*** Opening of Exercise materials ***
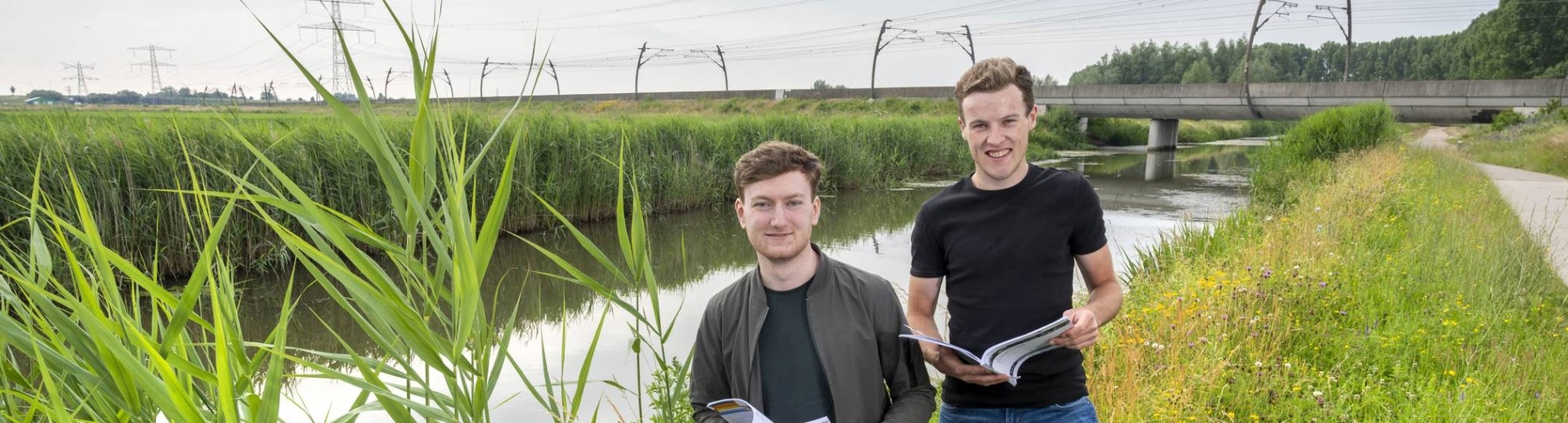 Jos te Hennepe en Teun Wopereis doen onderzoek naar een duurzame fietsbrug. Liggende foto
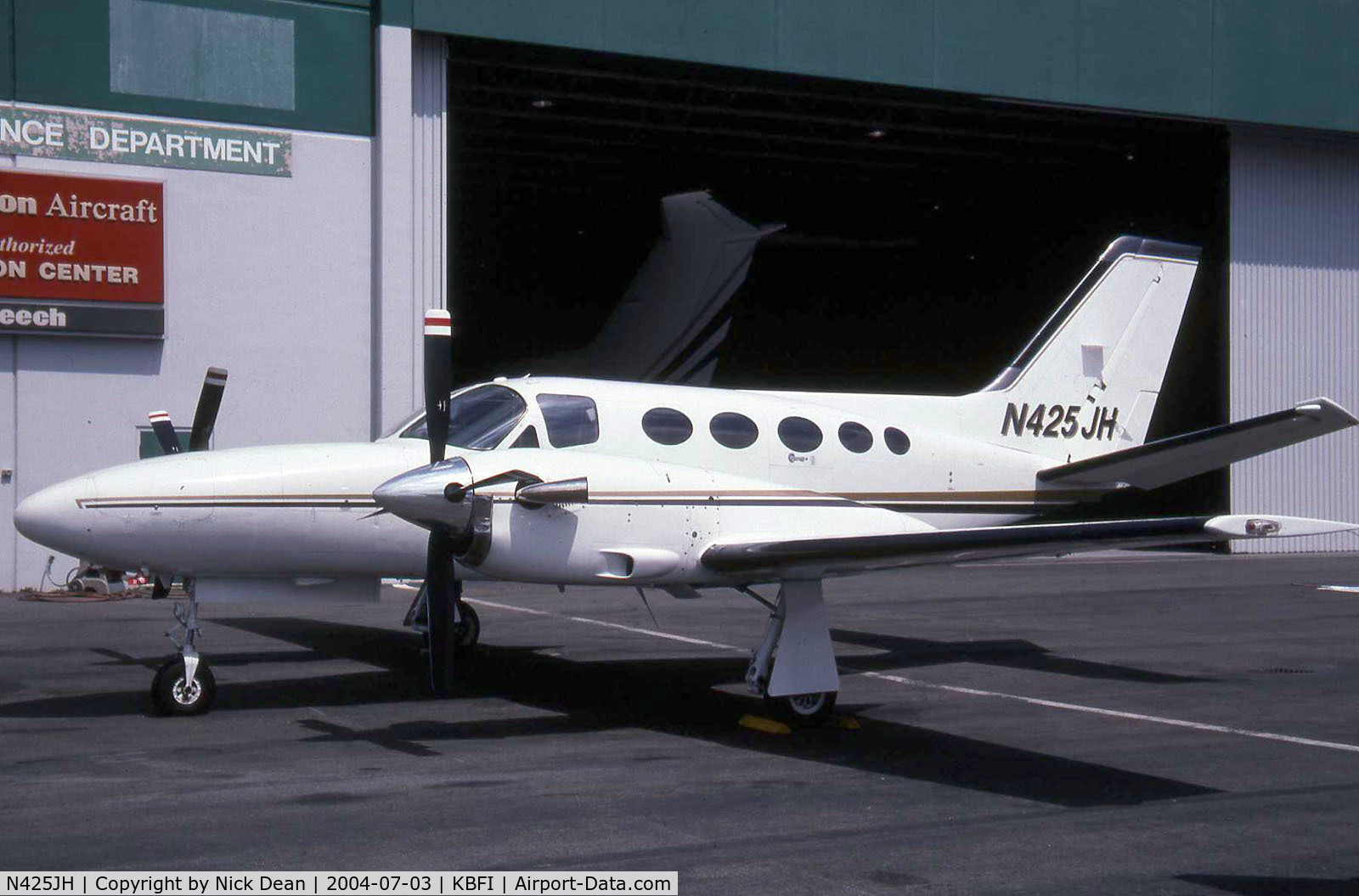 N425JH, 1981 Cessna 425 C/N 425-0124, KBFI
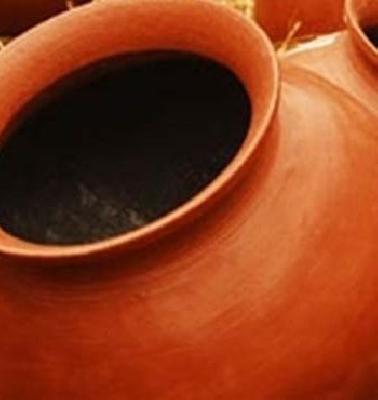 Mitra, you are beautiful, so life is beautiful. | मित्रा, तुझं मडकं फुटकं आहे, म्हणूनच जीवन सुंदर झालंय.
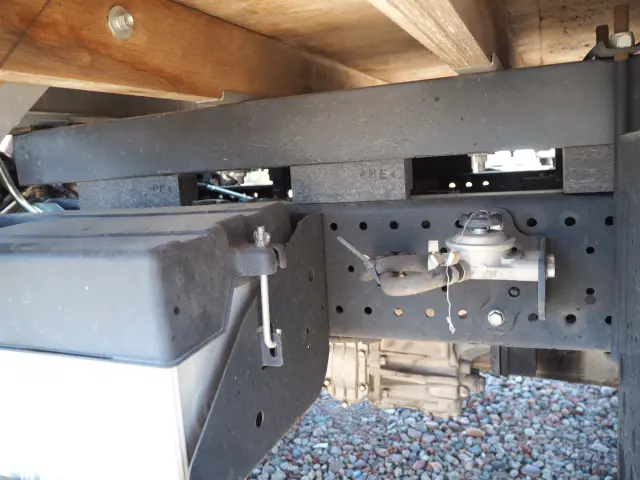 いすゞ エルフ 2RG-NKR88R(2WD)の写真30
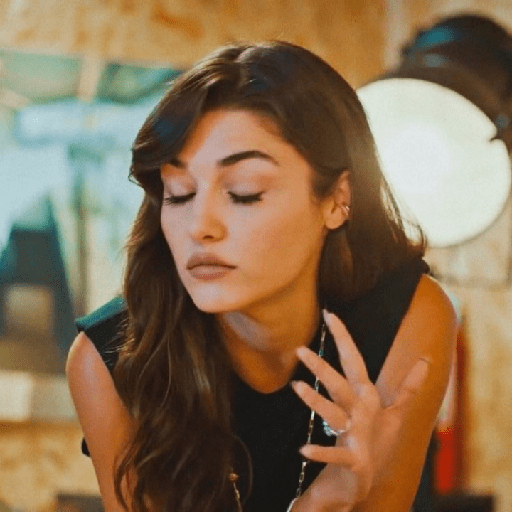 Eda Yildiz / Hande Erçel 🧚🏻‍♀️🦋 3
*** Close of Exercise materials ***
▶ **How to complete this task**
What should appear is an exact reproduction of the lines from the one with "N425JH, 1981 Cessna 425 C/N 425-0124, KBFI" through the end of the material above, and no pictures.

▶ **Response to this exercise**
 N425JH, 1981 Cessna 425 C/N 425-0124, KBFI
 Mitra, you are beautiful, so life is beautiful. | मित्रा, तुझं मडकं फुटकं आहे, म्हणूनच जीवन सुंदर झालंय.
 いすゞ エルフ 2RG-NKR88R(2WD)の写真30
 Eda Yildiz / Hande Erçel 🧚🏻‍♀️🦋 3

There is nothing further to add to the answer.